> **What you should do**
Lines from the one containing "1:50 scale model" through the end of the material below should be given again exactly, with no others.

> **Given entries**

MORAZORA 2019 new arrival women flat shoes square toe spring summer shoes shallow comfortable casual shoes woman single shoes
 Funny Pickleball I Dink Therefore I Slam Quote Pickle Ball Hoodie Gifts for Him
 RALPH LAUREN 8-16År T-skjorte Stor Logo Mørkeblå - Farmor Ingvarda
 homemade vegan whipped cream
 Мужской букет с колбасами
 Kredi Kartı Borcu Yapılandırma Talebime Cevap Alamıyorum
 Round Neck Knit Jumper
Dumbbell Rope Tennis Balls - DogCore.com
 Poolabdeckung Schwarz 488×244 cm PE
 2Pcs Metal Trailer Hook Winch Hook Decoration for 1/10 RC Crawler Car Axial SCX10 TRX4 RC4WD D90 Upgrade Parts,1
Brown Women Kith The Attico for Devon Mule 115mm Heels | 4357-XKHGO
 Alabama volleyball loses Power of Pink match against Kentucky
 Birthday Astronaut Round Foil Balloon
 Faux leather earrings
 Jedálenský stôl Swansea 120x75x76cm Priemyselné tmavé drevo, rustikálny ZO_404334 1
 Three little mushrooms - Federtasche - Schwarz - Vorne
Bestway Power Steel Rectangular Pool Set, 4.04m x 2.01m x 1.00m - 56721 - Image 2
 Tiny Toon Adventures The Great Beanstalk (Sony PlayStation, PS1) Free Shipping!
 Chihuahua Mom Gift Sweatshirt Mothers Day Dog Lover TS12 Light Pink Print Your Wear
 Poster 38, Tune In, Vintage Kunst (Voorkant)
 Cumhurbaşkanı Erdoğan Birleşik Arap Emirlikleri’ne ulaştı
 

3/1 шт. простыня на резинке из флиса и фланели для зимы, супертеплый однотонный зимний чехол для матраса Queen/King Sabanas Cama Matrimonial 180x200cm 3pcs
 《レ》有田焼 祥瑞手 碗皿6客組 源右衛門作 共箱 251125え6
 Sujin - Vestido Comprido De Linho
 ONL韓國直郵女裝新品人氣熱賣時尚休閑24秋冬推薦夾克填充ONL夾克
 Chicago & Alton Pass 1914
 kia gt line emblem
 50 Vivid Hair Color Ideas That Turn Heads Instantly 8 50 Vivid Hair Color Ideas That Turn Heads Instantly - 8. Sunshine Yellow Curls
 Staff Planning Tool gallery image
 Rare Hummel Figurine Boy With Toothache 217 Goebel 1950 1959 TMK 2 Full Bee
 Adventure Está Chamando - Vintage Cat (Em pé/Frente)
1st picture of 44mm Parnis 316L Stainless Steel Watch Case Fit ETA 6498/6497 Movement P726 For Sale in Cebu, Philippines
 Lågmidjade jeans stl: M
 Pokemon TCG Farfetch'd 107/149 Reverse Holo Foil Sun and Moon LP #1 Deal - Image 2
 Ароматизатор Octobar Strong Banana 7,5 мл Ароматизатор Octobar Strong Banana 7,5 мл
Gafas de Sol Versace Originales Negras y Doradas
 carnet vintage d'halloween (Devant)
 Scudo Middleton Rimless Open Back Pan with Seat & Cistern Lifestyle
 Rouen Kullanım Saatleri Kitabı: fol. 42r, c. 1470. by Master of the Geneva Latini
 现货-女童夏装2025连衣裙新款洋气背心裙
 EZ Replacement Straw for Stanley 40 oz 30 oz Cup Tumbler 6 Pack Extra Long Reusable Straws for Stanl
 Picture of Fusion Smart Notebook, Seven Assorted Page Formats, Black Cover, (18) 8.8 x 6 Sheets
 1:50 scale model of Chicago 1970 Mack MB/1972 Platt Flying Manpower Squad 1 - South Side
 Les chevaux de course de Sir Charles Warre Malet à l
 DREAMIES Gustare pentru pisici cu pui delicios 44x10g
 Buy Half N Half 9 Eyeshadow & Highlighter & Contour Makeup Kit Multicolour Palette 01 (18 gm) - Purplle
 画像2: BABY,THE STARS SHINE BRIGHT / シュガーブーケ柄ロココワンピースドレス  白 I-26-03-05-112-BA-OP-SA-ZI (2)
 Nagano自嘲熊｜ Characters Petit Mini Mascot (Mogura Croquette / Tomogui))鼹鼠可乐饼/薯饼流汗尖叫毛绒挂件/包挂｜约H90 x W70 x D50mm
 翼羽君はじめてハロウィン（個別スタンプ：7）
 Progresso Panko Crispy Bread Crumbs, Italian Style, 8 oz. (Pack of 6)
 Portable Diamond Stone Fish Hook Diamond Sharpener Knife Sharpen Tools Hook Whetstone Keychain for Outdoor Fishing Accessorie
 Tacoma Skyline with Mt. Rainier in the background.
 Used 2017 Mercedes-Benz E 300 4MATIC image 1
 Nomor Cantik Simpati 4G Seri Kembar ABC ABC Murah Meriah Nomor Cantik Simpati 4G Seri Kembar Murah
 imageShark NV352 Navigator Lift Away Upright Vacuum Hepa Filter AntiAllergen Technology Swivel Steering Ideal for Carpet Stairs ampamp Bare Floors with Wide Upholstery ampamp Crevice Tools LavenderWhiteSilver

> **Reply to the exercise**
 1:50 scale model of Chicago 1970 Mack MB/1972 Platt Flying Manpower Squad 1 - South Side
 Les chevaux de course de Sir Charles Warre Malet à l
 DREAMIES Gustare pentru pisici cu pui delicios 44x10g
 Buy Half N Half 9 Eyeshadow & Highlighter & Contour Makeup Kit Multicolour Palette 01 (18 gm) - Purplle
 画像2: BABY,THE STARS SHINE BRIGHT / シュガーブーケ柄ロココワンピースドレス  白 I-26-03-05-112-BA-OP-SA-ZI (2)
 Nagano自嘲熊｜ Characters Petit Mini Mascot (Mogura Croquette / Tomogui))鼹鼠可乐饼/薯饼流汗尖叫毛绒挂件/包挂｜约H90 x W70 x D50mm
 翼羽君はじめてハロウィン（個別スタンプ：7）
 Progresso Panko Crispy Bread Crumbs, Italian Style, 8 oz. (Pack of 6)
 Portable Diamond Stone Fish Hook Diamond Sharpener Knife Sharpen Tools Hook Whetstone Keychain for Outdoor Fishing Accessorie
 Tacoma Skyline with Mt. Rainier in the background.
 Used 2017 Mercedes-Benz E 300 4MATIC image 1
 Nomor Cantik Simpati 4G Seri Kembar ABC ABC Murah Meriah Nomor Cantik Simpati 4G Seri Kembar Murah
 imageShark NV352 Navigator Lift Away Upright Vacuum Hepa Filter AntiAllergen Technology Swivel Steering Ideal for Carpet Stairs ampamp Bare Floors with Wide Upholstery ampamp Crevice Tools LavenderWhiteSilver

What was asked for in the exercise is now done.